Inside the Museum at Prairiefire, dinosaur research roars to life
Jake Barbara had long bought into the “ Jurassic Park” myth that a Tyrannosaurus rex could keep pace with a speeding vehicle.
That thinking was destroyed quickly Saturday when the 11-year-old and his family toured the “ Dinosaurs: Ancient Fossils, New Discoveries” exhibit at the Museum at Prairiefire.
When dinosaurs ruled Earth, the T. rex stood about 12 feet tall, weighed 15,500 pounds and was about 40 feet long. That “ Jurassic Park” scene where the dinosaur escapes an electric fence and tries to make an evening snack of the frightened occupants of a fleeing Jeep was moviemaking poetic license.
In reality, T. rex was a slowpoke, perhaps not able to run at all. Its top speed barely hit 10 mph.
“I was disappointed,” said Jake, who attends California Trail Middle School in Olathe. “But I still think they look cool.”
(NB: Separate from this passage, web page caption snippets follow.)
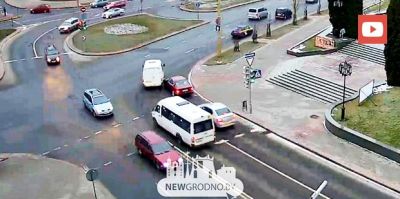Водитель буса спровоцировал ДТП у драмтеатра. ГАИ нашла нарушения у каждого из трех водителей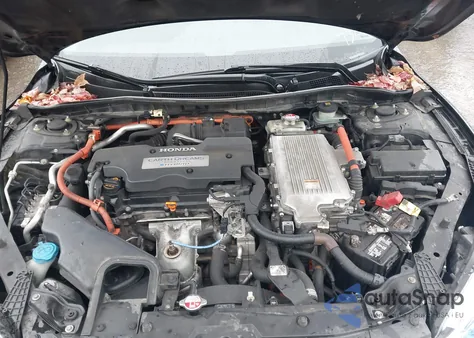 2015 Honda Accord Hybrid Touring from USA, damaged, VIN 1HGCR6F71FA007327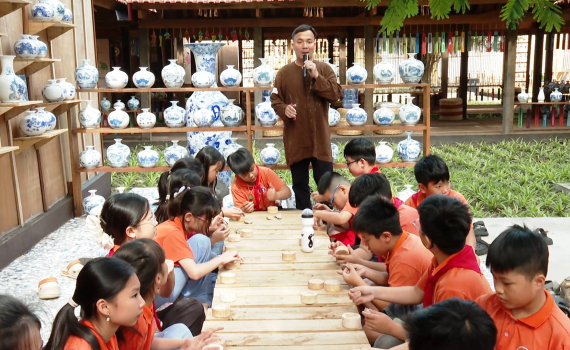 Trải nghiệm tại kh&ocirc;ng gian l&agrave;ng nghề truyền thống khu du lịch Tam Cốc - B&iacute;ch Động
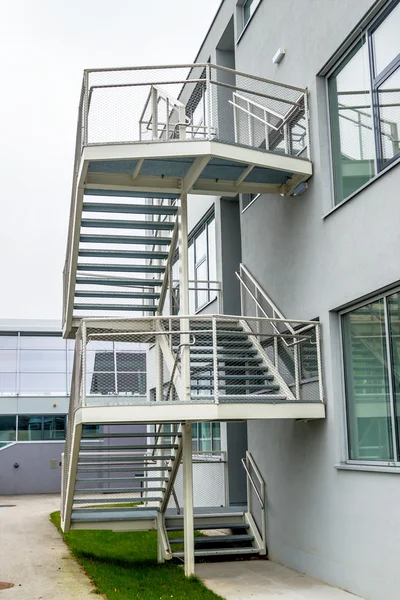 Внешняя лестница здания — стоковое фото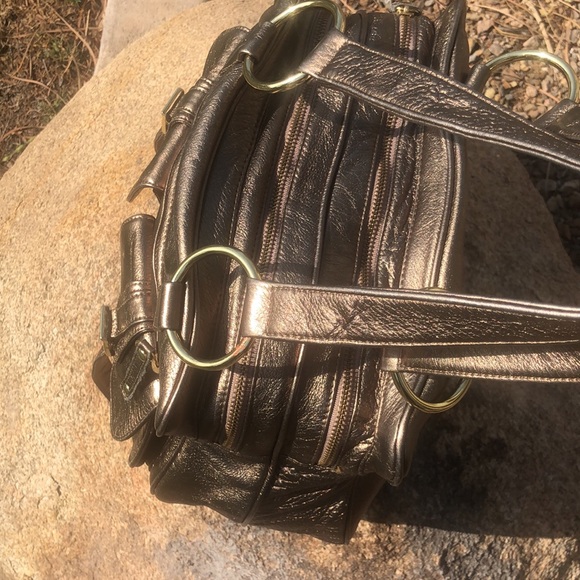 BULGA Shoulder Quality Leather Bag! Metallic Brass Color! Multiple Compartments! - Picture 6 of 16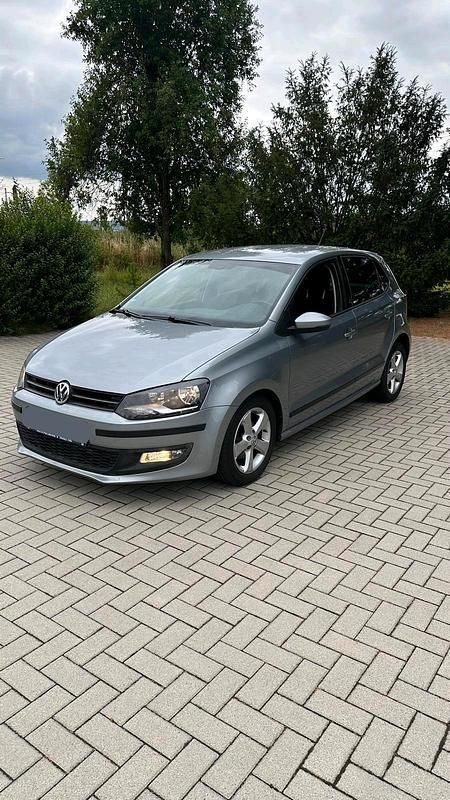 Grau Gebraucht 2010 VW Polo Kleinwagen | 8.700 € (Etwas zu teuer) - Bild 1/4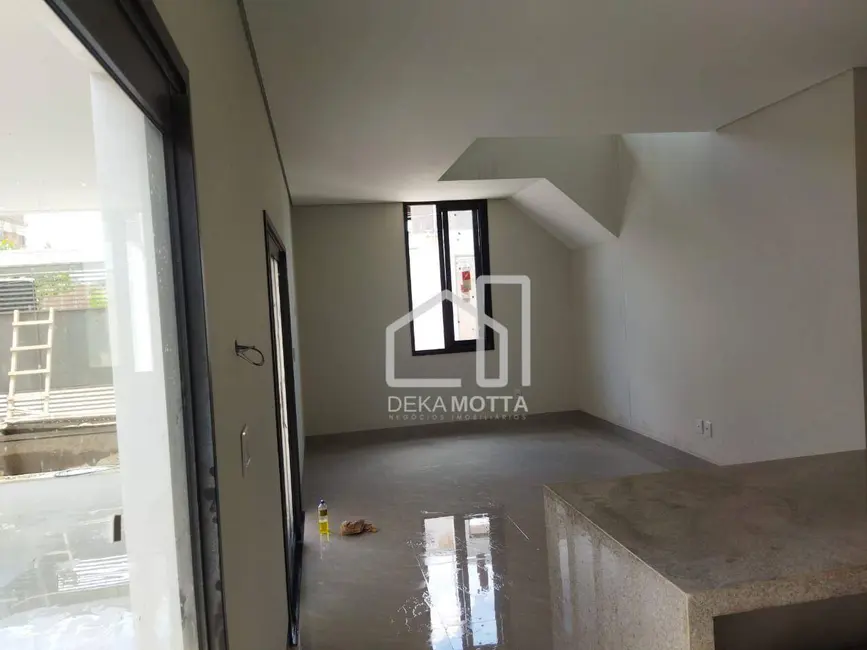 Sobrado com 3 quartos à venda, 110m2 em Aclimação, Uberlandia - MG - imagem 6 Foto 6 de Sobrado com 3 quartos à venda, 110m2 em Aclimação, Uberlandia - MG
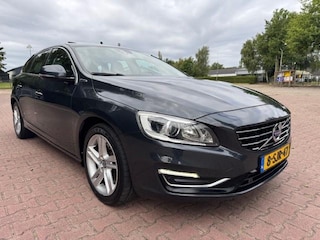 Volvo V60 2.4 D6 AWD PLUG-IN HYBRID SUMMUM ODAK/THAAK/NIEUW ACCUPAKKET
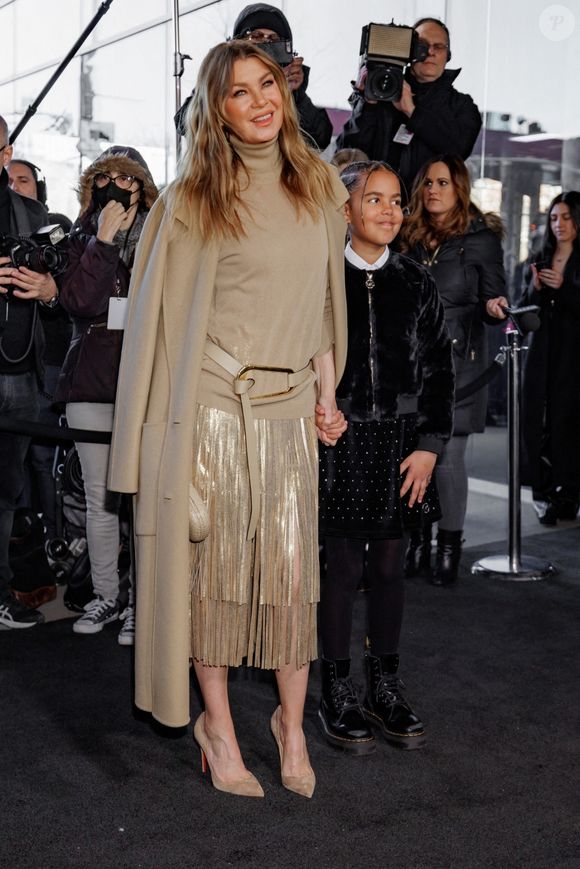Malgré de nouvelles opportunités, Ellen Pompeo reste partiellement liée à la série médicale.

Ellen Pompeo, Sienna Pompeo Ivery assistent au défilé prêt-à-porter automne-hiver 2023/2024 de Michael Kors lors de la Fashion Week à New York, le 15 février 2023.
© Backgrid USA / Bestimage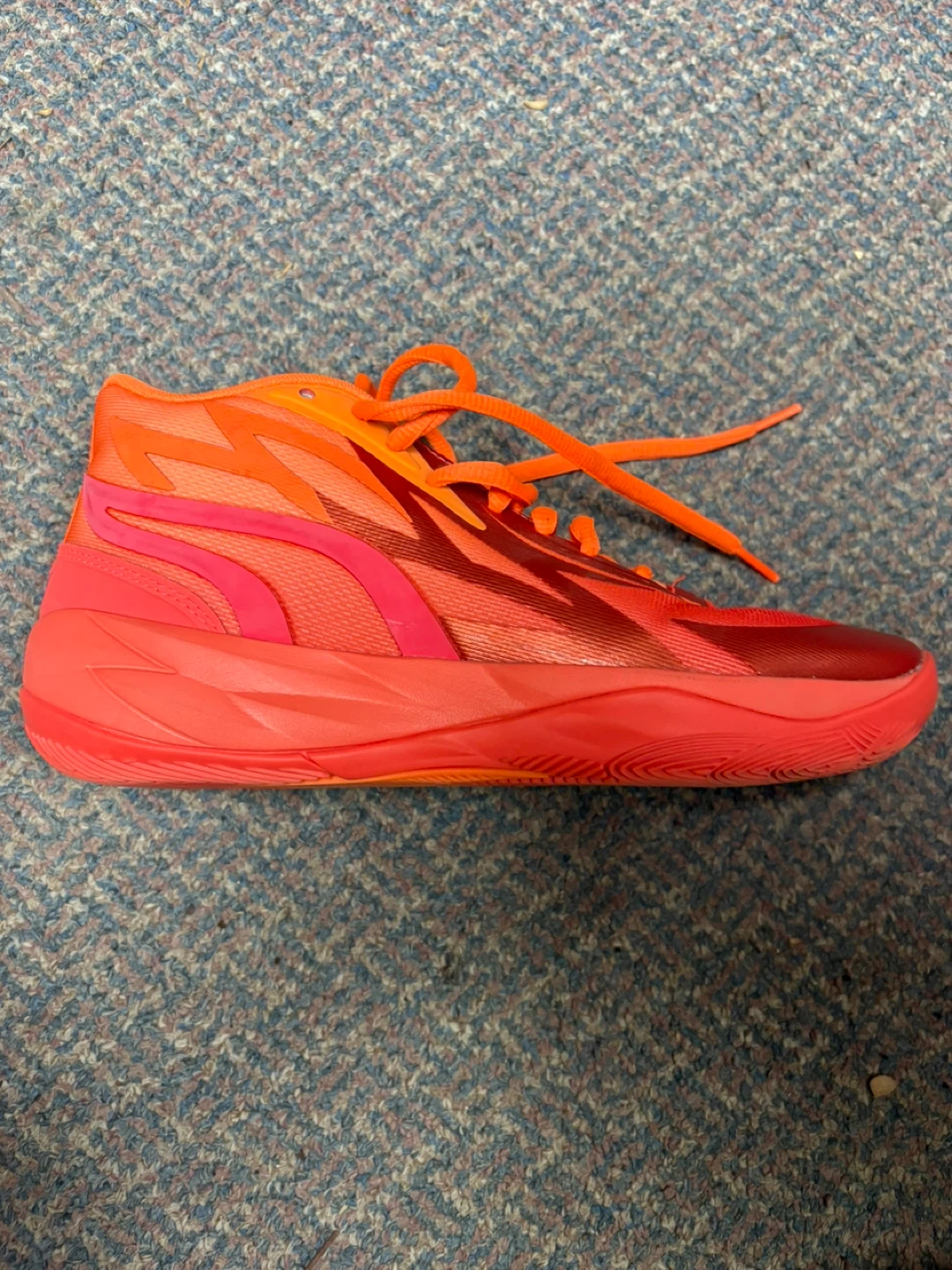 Orange puma shoes size 5 - photo 2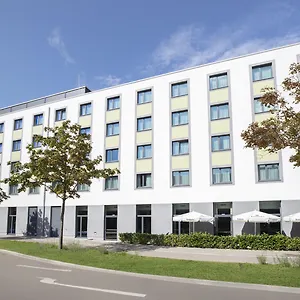*** Hotel Express By Ihg Germania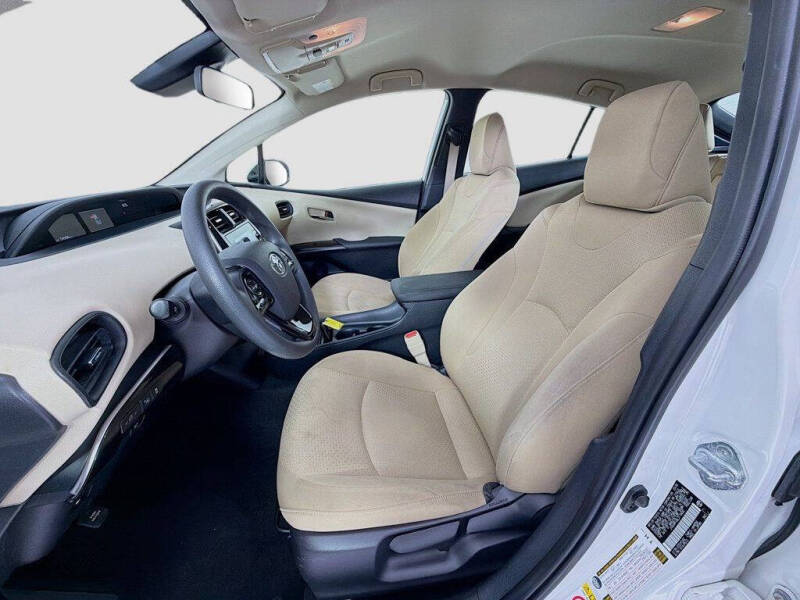 2020 Toyota Prius LE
The exhibit at the Overland Park museum opened Saturday and runs through July 12. It features a full-size cast skeleton of a T. rex, a variety of fossil specimens and fossil casts, interactive and touchable features, mounted dinosaur skulls and a 60-foot-long model of an Apatosaurus skeleton. Three large high-definition video screens behind the Apatosaurus illustrate the fossil skeleton.
Jake had bugged his parents for months to take him to the museum.
The exhibit was created by the American Museum of Natural History in New York. It examines how paleontologists have used enhanced technology to investigate and re-examine beliefs about dinosaurs.
For example, dinosaurs such as the T. rex may have had feathers and did not drag their tails while walking.
“We have enough facts to feed our brains and give us some real information,” said Uli Sailer Das, the museum’s executive director. “But there are so many unknowns about them that a lot is left to the imagination. The science keeps on progressing and they are making new discoveries.”
Taylor Jones of Kansas City was thrilled as she and her family walked through the exhibit. The fifth-grader earlier created her own mosasaur while using an interactive feature. The display allowed Taylor to create the creature and then have it appear moments later on video screens in the entrance of the museum.
“It looked pretty cool and I wanted to learn something about it,” she said. “I really haven’t learned anything about dinosaurs before, so this will really help me in school.”
The dinosaur exhibit also featured the Liaoning Forest, which was in eastern Asia. The 700-square-foot diorama depicts a variety of animals that lived in the forest 130 million years ago.
“We discover new species and we learn new information about dinosaurs all of the time,” Das said. “We now think that T. rex was covered in feathers and may have even had a feathered head crest.
“I bet that is new to a lot of people.”